Mon réveil sonne à 5h45. Je m’attèle alors à la préparation du petit-déjeuner qui doit être servi pour 8h. Une fois que mes 8 coureurs ont terminé, je range, charge le camion et prend la route pour l’hôtel suivant. Généralement, le transfert dure 3 heures. J’arrive sur place aux alentours de midi, m’installe au plus près de la salle de restauration et récupère les marchandises commandées auprès du Chef de l’établissement. En amont du Tour, j’ai en effet envoyé à chaque hôtel le menu détaillé du panier qu’ils sont censés recevoir. Même si j’ai toujours du stock au cas où ! Je commence alors par la préparation de leur collation du lendemain : celle qu’ils mangeront pendant la course, des gâteaux de riz ou de semoule ; ainsi que celles, sucrée et salée, avec lesquelles ils se sustenteront dans le bus, juste après l’étape. Enfin, une fois cette première tâche terminée, je me lance dans la confection du dîner. Ils passent à table aux alentours de 20h. Ceci afin de leur laisser un temps de digestion pour qu’ils puissent se coucher légers et ainsi dormir d’un sommeil lourd.

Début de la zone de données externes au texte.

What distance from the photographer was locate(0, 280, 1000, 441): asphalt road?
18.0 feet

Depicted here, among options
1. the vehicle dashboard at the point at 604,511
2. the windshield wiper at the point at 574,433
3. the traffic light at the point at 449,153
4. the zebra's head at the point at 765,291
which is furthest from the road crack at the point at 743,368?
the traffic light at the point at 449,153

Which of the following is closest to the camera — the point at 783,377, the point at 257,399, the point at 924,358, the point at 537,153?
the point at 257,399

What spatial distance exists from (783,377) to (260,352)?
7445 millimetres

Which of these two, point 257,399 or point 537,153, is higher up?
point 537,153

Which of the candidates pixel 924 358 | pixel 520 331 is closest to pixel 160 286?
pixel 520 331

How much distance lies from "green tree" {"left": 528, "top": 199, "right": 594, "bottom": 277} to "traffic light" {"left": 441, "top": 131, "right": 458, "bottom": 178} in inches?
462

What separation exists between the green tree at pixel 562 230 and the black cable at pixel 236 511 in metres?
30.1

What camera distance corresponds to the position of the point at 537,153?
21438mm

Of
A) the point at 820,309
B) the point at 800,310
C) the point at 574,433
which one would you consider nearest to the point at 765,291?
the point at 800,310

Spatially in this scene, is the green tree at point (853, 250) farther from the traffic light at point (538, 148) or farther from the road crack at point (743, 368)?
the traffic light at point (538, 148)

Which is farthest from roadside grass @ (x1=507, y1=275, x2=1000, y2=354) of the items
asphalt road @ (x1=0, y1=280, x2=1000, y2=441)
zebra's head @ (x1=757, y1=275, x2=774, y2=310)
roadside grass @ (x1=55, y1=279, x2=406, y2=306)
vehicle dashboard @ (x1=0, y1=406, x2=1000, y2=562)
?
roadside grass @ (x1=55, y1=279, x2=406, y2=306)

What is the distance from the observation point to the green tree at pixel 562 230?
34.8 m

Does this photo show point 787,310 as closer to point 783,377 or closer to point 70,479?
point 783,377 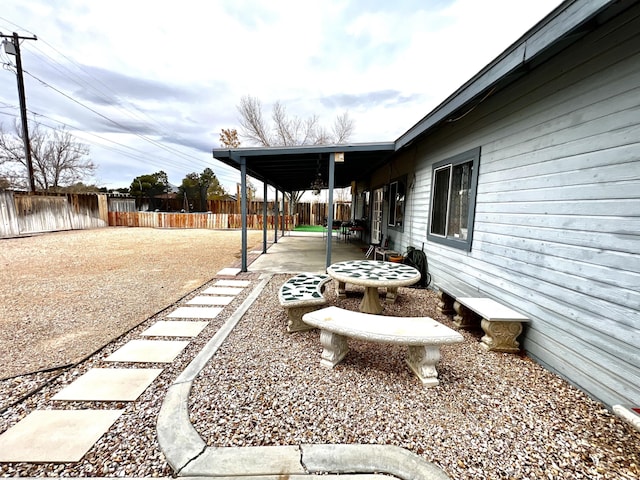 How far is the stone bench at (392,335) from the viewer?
1.80 m

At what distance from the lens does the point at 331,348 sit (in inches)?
81.9

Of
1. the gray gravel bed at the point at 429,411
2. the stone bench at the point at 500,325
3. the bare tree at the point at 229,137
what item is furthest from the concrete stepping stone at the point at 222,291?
the bare tree at the point at 229,137

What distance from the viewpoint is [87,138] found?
18.8m

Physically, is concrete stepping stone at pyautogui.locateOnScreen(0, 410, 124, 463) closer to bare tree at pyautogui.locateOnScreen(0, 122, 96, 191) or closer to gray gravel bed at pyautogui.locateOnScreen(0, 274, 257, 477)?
gray gravel bed at pyautogui.locateOnScreen(0, 274, 257, 477)

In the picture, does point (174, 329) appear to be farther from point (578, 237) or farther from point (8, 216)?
point (8, 216)

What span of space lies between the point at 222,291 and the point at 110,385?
220 centimetres

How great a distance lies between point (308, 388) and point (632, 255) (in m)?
2.25

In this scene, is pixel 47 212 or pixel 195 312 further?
pixel 47 212

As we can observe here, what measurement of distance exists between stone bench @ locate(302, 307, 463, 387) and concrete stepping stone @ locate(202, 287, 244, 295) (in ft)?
7.48

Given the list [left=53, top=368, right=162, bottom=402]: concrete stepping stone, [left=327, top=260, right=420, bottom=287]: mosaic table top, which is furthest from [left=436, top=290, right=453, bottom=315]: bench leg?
[left=53, top=368, right=162, bottom=402]: concrete stepping stone

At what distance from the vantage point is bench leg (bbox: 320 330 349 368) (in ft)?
6.74

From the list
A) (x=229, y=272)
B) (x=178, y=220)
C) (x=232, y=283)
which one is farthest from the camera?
(x=178, y=220)

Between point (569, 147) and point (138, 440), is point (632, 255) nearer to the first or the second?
point (569, 147)

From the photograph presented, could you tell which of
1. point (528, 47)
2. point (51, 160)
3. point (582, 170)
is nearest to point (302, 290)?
Answer: point (582, 170)
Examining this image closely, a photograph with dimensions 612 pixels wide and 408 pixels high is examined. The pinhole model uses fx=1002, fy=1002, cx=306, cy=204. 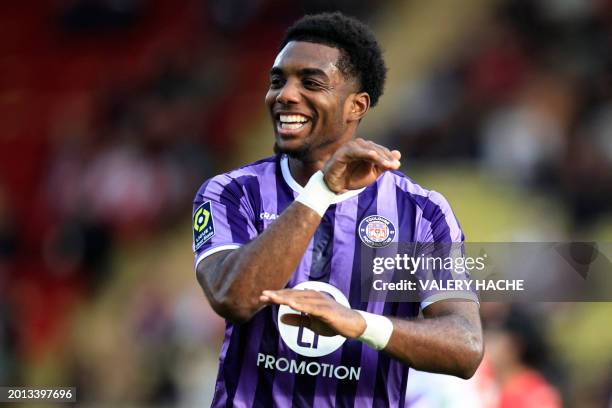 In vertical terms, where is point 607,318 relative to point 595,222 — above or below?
below

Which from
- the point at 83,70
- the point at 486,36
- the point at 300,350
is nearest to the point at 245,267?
the point at 300,350

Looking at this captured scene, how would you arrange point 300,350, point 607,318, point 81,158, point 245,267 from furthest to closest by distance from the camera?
point 81,158
point 607,318
point 300,350
point 245,267

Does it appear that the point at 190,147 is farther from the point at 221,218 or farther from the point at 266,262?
the point at 266,262

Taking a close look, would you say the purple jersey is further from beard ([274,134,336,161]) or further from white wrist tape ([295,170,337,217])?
white wrist tape ([295,170,337,217])

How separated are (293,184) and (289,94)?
32cm

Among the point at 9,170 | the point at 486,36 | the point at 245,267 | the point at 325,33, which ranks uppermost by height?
the point at 486,36

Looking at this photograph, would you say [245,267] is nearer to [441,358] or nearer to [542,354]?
[441,358]

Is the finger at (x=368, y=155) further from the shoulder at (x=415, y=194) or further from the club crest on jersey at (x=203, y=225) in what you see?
the club crest on jersey at (x=203, y=225)

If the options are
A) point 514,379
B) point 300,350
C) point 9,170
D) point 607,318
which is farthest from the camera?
point 9,170

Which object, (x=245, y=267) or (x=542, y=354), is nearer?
(x=245, y=267)

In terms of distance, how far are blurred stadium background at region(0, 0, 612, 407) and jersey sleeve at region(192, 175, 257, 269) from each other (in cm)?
369

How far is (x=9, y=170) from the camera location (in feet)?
37.9

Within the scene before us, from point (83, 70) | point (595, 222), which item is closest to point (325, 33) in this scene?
point (595, 222)

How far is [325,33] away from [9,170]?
8.75m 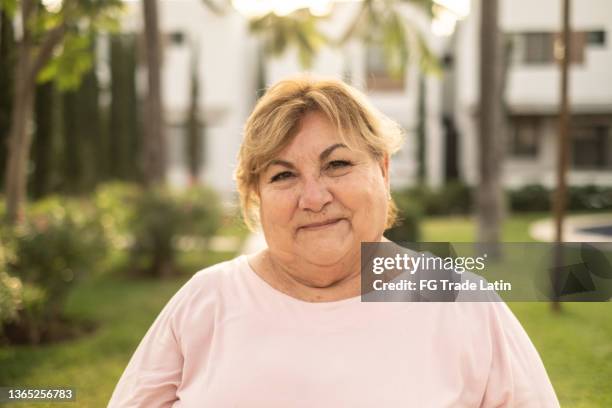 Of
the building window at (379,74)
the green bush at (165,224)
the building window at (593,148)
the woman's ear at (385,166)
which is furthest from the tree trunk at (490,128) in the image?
the building window at (379,74)

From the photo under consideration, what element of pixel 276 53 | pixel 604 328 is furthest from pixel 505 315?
pixel 276 53

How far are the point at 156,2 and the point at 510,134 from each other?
12.4 meters

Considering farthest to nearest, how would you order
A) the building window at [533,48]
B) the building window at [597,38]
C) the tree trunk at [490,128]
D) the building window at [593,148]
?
the building window at [533,48] < the building window at [593,148] < the tree trunk at [490,128] < the building window at [597,38]

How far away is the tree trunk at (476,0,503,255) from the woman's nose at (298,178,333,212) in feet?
21.5

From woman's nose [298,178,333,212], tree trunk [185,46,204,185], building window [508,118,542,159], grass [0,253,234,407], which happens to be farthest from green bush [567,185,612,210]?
tree trunk [185,46,204,185]

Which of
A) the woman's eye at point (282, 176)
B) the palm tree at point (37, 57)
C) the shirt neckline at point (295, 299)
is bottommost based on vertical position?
the shirt neckline at point (295, 299)

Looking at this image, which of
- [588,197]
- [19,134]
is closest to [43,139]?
[19,134]

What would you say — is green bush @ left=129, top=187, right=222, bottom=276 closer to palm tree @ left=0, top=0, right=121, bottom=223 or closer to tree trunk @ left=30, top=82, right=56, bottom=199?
palm tree @ left=0, top=0, right=121, bottom=223

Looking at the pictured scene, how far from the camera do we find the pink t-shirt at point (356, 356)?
1609mm

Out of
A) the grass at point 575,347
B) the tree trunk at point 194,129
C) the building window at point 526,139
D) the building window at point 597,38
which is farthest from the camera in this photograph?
the tree trunk at point 194,129

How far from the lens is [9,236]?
4.73 meters

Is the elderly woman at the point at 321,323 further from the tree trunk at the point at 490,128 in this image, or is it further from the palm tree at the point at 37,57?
the tree trunk at the point at 490,128

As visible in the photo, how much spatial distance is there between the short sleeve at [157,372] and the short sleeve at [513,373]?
820 millimetres

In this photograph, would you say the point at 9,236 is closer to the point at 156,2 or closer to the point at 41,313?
the point at 41,313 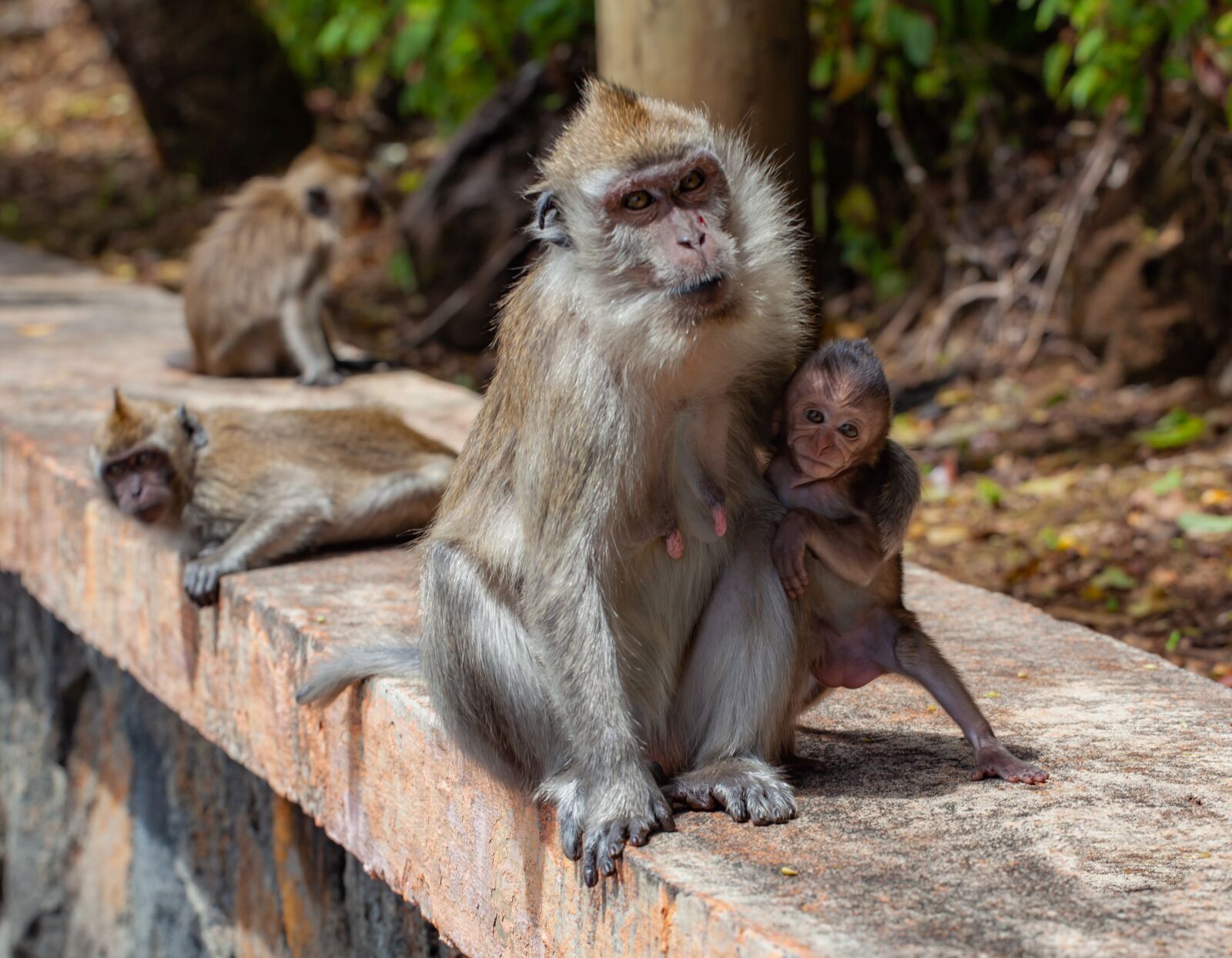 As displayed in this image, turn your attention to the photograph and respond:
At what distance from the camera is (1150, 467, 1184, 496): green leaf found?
5711mm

« Un dîner réussi ? Parfaitement équilibré, entre diététique, variété et gourmandise. Ce sont les trois critères primordiaux ! »
Durant tout ce temps passé derrière les fourneaux, vous avez quand même le temps de jeter un œil à l’étape du jour ?
Bien évidemment (du tac o tac) ! J’ai la télévision dans mon camion. Je dirais même qu’elle fait partie des ustensiles indispensables.
Quels sont les secrets d’un dîner réussi pour un coureur cycliste sur le Tour de France ?
Il faut que celui soit parfaitement équilibré, entre diététique, variété et gourmandise. Ce sont les trois critères primordiaux ! Je dois veiller à ce que nos athlètes reçoivent tous les apports nutritionnels dont ils ont besoin, pour récupérer mais également faire des réserves en vue du lendemain. Pour cela, je bénéficie des recommandations du médecin. Ensuite, à moi de composer avec ses directives pour confectionner des assiettes appétissantes et diversifiées d’un soir à l’autre, car mine de rien, trois semaines c’est long...
4 GRAMMES, POMMES DE TERRE À L’ITALIENNE & PETITES ATTENTION
Envisager que gourmandise et diététique sont conciliables dans une seule et même assiette est assez difficile. Vous nous confirmez qu’épicurisme et ascétisme ne sont pas incompatibles ?
Affirmatif ! Je dis souvent que je nourris tout autant la tête que l’estomac. Il est complexe de s’imaginer combien ces garçons s’impliquent, combien ils vont loin dans le dépassement de soi. Je m’attache donc à faire de chaque repas un moment agréable. Cela passe par des menus « lights », adaptés scientifiquement à leur pratique, mais gourmands, réconfortants.
Le plaisir dans l’assiette est donc un vecteur de performance ?
Oui, mon objectif est qu’ils arrivent les jambes lourdes mais repartent l’esprit léger ! Mon camion, ce n’est pas la caravane mais l’auberge du Tour ! Un endroit convivial où ils sont heureux de s’attabler avec leurs coéquipiers, où ils ressentent une espèce d’osmose, comme sur le vélo ! Ce sont de super garçons, vraiment très aimables, polis, reconnaissants... Ils méritent que l’on donne le meilleur de nous-mêmes à leur égard. Je connais les régimes alimentaires de chacun et me plie en quatre pour répondre par de petites attentions aux demandes qu’ils peuvent émettre.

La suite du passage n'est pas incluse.